1Dans ce très riche ouvrage, Ioana Cîrstocea analyse les mécanismes et processus d’institutionnalisation du genre dans les pays postsocialistes d’Europe de l’Est. Le genre est ici considéré, d’une part, en tant que concept analytique et critique, notamment au sein des sciences humaines et sociales, d’autre part, en tant que catégorie d’action publique, nationale comme globale. Toute la force de la démonstration réside dans le fait d’articuler ces deux dimensions pour montrer comment ce concept a été utilisé pour former un nouveau savoir expert dont le rôle a été central dans la production de l’après-socialisme en Europe de l’Est. L’auteure s’intéresse aussi bien à des acteurs transnationaux non gouvernementaux qu’aux trajectoires professionnelles et militantes des actrices de l’institutionnalisation du genre en Europe de l’Est. Certes, le phénomène de cette institutionnalisation n’est pas circonscrit aux années 1990, mais l’auteure a choisi de se concentrer sur ces années parce qu’elle les considère comme déterminantes pour la compréhension des mécanismes d’institutionnalisation et de globalisation du genre, ainsi que pour l’analyse du changement politique en Europe de l’Est.

2Si l’objet de cet ouvrage peut, de ce fait, être considéré comme historique, I. Cîrstocea mobilise avant tout les outils de la sociologie, en particulier celle des sciences et des savoirs et celle de la globalisation. Son analyse est également importante pour celles et ceux qui s’intéressent à la sociologie politique des pays postsoviétiques. À partir d’une démarche à la fois cartographique et prosopographique, l’auteure « reconstitu[e] les milieux sociaux structurés à travers les échanges transnationaux portant sur la condition des femmes et sur le féminisme dans le postsocialisme » (p. 28). Pour cela, elle a réalisé un important travail de dépouillement d’archives, et conduit de nombreux entretiens, afin de retracer l’activité et l’essor de deux institutions pionnières, le Network of East-West Women (NEWW), une organisation féministe transatlantique, et l’Open Society Institute, une fondation philanthropique étasunienne. Sa focale n’est pas pour autant purement institutionnelle, une grande partie de l’analyse se fondant sur l’étude des trajectoires de 86 femmes (sur près de 350 repérées dans les sources), féministes ou professionnelles de la cause des femmes est-européennes.

3La démonstration est construite en trois parties.

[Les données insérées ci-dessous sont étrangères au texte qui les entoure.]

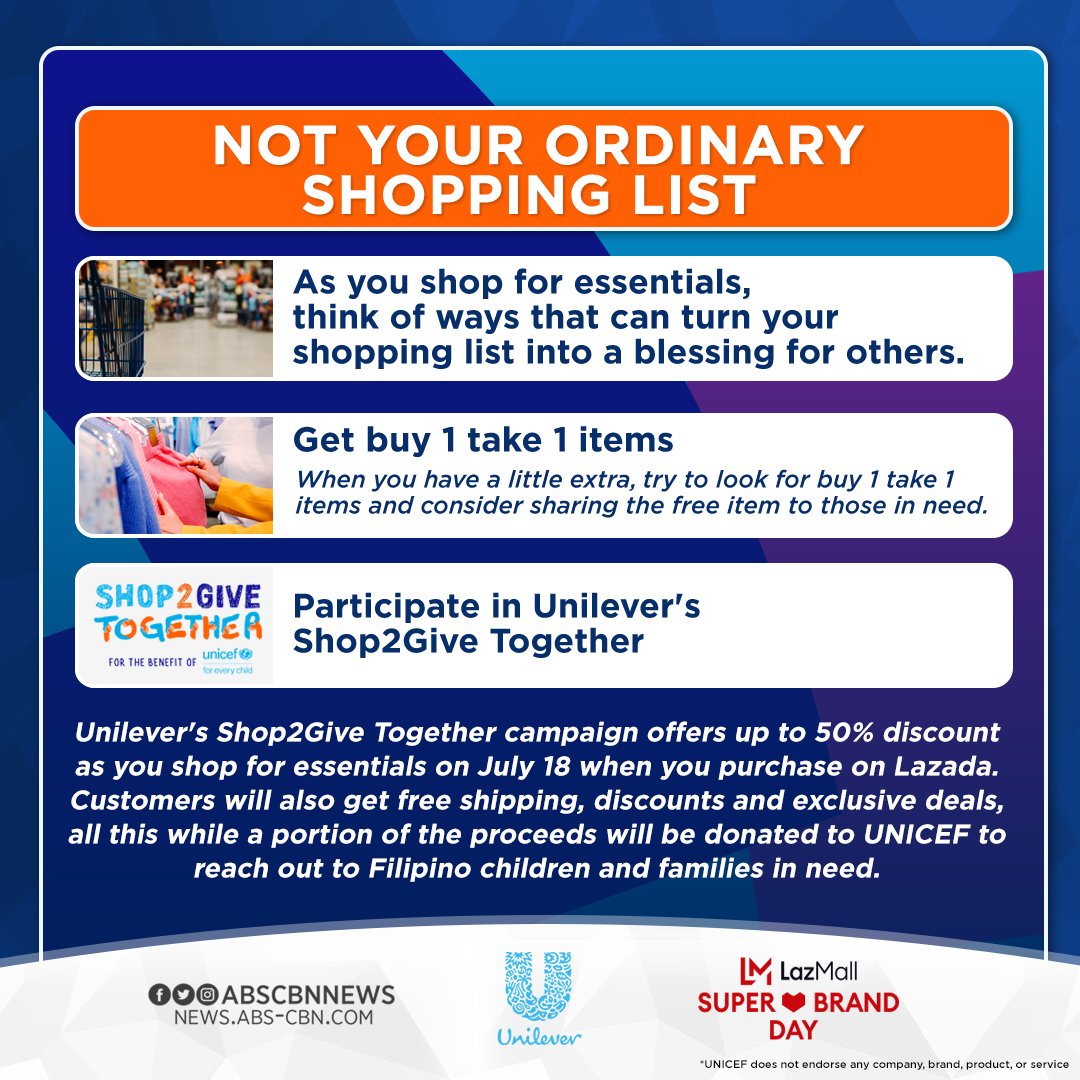 ABSCBNNews's tweet photo. Before you buy that item in the grocery, read this first. For more information: https://t.co/76d3kidVkC #Shop2GiveTogether #BrandNews https://t.co/jshpmMYyCq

La première se concentre sur le Network of East-West Women, réseau de féministes étasuniennes et est-européennes, qui s’est professionnalisé durant la décennie 1990. À partir d’une analyse fine de cette organisation et de ses actrices, I. Cîrstocea revient sur les mécanismes de professionnalisation du genre, en soulignant qu’ils reposent sur la mobilisation croisée de deux types de ressources, professionnelles et militantes, à une époque, la dernière décennie du xxe siècle, où le genre se globalise et l’action collective s’institutionnalise. Elle montre que cette professionnalisation n’implique pas la relégation pure et simple des registres militants, mais plutôt leur reconversion. Par ailleurs, bien qu’elle soit fondée sur la coopération, la mise en place de ce réseau transatlantique permet de révéler des tensions et des inégalités, en particulier l’expression d’une critique de la domination idéologique et matérielle des féministes étasuniennes, et plus généralement d’un discours féministe « occidental » à prétention universelle.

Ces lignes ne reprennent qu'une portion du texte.